§ Assigned task
Please take the lines from the one holding "ZA Asymmetric Ruched Cut-Out Maxi Dress" through the one holding "An example of" in the data below and copy them exactly.
----- Records provided -----
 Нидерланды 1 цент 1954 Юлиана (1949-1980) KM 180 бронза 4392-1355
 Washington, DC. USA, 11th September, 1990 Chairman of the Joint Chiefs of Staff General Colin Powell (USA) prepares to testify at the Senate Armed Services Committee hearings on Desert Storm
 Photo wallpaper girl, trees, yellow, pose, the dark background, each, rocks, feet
-----
----- Records provided -----
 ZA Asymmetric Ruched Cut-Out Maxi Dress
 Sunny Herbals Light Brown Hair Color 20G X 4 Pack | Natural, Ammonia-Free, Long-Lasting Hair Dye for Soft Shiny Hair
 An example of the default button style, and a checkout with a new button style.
-----
§ Result
 ZA Asymmetric Ruched Cut-Out Maxi Dress
 Sunny Herbals Light Brown Hair Color 20G X 4 Pack | Natural, Ammonia-Free, Long-Lasting Hair Dye for Soft Shiny Hair
 An example of the default button style, and a checkout with a new button style.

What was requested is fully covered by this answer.